**Saved data entries:**
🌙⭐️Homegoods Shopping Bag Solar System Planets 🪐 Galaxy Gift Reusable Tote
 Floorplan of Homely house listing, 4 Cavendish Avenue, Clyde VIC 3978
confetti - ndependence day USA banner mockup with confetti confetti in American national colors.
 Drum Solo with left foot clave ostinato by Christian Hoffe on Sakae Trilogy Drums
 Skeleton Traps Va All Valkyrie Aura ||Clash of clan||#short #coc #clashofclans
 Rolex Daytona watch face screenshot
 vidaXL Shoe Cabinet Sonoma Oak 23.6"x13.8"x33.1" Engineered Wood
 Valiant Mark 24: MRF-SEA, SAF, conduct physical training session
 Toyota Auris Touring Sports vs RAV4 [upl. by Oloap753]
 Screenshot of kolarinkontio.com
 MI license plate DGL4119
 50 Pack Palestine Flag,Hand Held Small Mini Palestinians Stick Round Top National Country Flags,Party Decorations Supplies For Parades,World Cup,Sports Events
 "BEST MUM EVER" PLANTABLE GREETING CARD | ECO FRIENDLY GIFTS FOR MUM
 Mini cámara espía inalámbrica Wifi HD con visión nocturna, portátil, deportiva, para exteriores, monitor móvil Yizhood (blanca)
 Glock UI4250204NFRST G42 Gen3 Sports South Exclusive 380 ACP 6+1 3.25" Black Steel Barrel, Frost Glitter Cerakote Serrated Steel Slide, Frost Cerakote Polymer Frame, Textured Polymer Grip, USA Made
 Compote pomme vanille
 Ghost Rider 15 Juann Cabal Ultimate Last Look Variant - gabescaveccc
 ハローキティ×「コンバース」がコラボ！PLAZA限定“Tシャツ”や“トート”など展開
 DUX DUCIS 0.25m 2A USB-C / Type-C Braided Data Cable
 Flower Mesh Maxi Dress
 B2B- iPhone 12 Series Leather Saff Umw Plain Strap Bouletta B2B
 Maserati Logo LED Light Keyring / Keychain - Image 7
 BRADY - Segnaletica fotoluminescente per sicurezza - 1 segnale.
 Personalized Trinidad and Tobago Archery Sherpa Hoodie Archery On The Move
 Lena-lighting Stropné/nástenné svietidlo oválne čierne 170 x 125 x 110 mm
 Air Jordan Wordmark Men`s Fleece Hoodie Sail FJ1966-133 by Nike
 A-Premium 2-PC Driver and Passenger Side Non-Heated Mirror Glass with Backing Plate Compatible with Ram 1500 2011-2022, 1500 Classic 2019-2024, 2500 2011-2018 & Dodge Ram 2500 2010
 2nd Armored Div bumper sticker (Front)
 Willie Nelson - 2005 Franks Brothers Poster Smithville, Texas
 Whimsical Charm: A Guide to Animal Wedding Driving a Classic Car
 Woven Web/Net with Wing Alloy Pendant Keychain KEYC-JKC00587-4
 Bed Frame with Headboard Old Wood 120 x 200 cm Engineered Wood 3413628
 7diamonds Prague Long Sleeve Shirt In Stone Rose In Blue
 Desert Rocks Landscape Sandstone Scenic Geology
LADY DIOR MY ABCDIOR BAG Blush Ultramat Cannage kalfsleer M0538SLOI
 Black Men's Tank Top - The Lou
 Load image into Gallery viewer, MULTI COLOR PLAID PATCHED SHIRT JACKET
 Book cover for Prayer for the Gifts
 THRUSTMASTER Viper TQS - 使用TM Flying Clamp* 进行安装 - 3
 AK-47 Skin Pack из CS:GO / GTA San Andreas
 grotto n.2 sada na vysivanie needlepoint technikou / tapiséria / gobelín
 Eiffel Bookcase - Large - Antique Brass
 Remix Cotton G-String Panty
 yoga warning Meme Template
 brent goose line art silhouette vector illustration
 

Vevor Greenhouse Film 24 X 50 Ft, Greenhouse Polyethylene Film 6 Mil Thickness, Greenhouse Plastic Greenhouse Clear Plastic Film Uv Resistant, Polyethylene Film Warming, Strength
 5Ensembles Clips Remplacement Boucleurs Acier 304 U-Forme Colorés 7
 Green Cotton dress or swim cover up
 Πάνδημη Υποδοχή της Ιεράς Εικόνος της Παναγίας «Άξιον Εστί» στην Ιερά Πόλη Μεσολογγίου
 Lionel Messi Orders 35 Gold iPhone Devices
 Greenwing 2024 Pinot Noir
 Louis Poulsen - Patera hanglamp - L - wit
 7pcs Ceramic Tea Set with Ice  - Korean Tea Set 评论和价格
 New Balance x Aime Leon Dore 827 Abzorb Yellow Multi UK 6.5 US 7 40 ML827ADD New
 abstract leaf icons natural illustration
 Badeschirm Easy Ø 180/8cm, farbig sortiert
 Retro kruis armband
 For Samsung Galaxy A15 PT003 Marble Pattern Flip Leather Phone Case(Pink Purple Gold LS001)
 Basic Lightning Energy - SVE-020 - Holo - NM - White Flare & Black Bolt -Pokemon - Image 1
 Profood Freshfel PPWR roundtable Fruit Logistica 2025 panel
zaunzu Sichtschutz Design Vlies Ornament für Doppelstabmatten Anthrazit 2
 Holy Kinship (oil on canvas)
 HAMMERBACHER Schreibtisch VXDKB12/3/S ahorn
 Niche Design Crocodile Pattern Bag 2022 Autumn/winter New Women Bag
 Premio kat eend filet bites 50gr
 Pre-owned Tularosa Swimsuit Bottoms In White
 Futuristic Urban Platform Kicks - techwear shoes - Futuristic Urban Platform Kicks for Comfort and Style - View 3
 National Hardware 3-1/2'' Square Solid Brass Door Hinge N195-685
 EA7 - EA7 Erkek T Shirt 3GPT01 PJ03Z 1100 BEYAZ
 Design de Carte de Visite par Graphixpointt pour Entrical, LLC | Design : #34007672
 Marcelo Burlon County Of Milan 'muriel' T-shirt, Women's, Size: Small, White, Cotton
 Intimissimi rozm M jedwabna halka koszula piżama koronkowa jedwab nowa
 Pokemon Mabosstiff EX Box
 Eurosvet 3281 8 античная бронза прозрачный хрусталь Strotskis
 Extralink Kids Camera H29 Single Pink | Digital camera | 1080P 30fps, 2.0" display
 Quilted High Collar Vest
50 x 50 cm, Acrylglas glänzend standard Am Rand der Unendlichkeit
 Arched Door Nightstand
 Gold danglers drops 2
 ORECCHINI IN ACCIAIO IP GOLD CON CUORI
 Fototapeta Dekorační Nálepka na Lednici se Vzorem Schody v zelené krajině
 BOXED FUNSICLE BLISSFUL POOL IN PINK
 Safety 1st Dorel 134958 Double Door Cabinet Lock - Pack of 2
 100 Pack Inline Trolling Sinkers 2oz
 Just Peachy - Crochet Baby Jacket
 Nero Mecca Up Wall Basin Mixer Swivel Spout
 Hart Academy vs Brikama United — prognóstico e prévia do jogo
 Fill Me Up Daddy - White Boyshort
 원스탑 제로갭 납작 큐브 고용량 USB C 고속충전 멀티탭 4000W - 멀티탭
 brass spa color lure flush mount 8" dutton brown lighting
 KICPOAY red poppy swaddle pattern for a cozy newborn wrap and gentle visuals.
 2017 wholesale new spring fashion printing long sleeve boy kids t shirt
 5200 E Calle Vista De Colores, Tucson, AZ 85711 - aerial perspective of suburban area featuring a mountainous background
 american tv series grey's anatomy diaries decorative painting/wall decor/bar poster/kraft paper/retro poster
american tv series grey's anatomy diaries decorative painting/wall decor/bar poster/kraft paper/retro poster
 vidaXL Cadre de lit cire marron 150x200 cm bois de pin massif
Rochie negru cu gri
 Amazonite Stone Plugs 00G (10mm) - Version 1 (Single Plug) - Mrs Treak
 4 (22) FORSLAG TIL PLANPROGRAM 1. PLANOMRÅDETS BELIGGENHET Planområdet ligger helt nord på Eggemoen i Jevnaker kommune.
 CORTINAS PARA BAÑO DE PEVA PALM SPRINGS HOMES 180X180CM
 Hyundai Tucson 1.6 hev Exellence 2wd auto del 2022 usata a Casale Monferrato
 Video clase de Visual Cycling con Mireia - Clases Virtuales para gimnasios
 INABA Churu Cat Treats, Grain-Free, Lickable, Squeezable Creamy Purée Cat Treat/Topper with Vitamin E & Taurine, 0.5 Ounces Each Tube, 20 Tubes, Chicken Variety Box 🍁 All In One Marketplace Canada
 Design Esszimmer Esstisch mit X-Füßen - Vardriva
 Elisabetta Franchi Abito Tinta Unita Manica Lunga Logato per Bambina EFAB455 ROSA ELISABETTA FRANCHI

**PROBLEM TO WORK ON:** Go through the records above and copy every line holding the word "Frame".

**TASK OUTPUT:**
 Glock UI4250204NFRST G42 Gen3 Sports South Exclusive 380 ACP 6+1 3.25" Black Steel Barrel, Frost Glitter Cerakote Serrated Steel Slide, Frost Cerakote Polymer Frame, Textured Polymer Grip, USA Made
 Bed Frame with Headboard Old Wood 120 x 200 cm Engineered Wood 3413628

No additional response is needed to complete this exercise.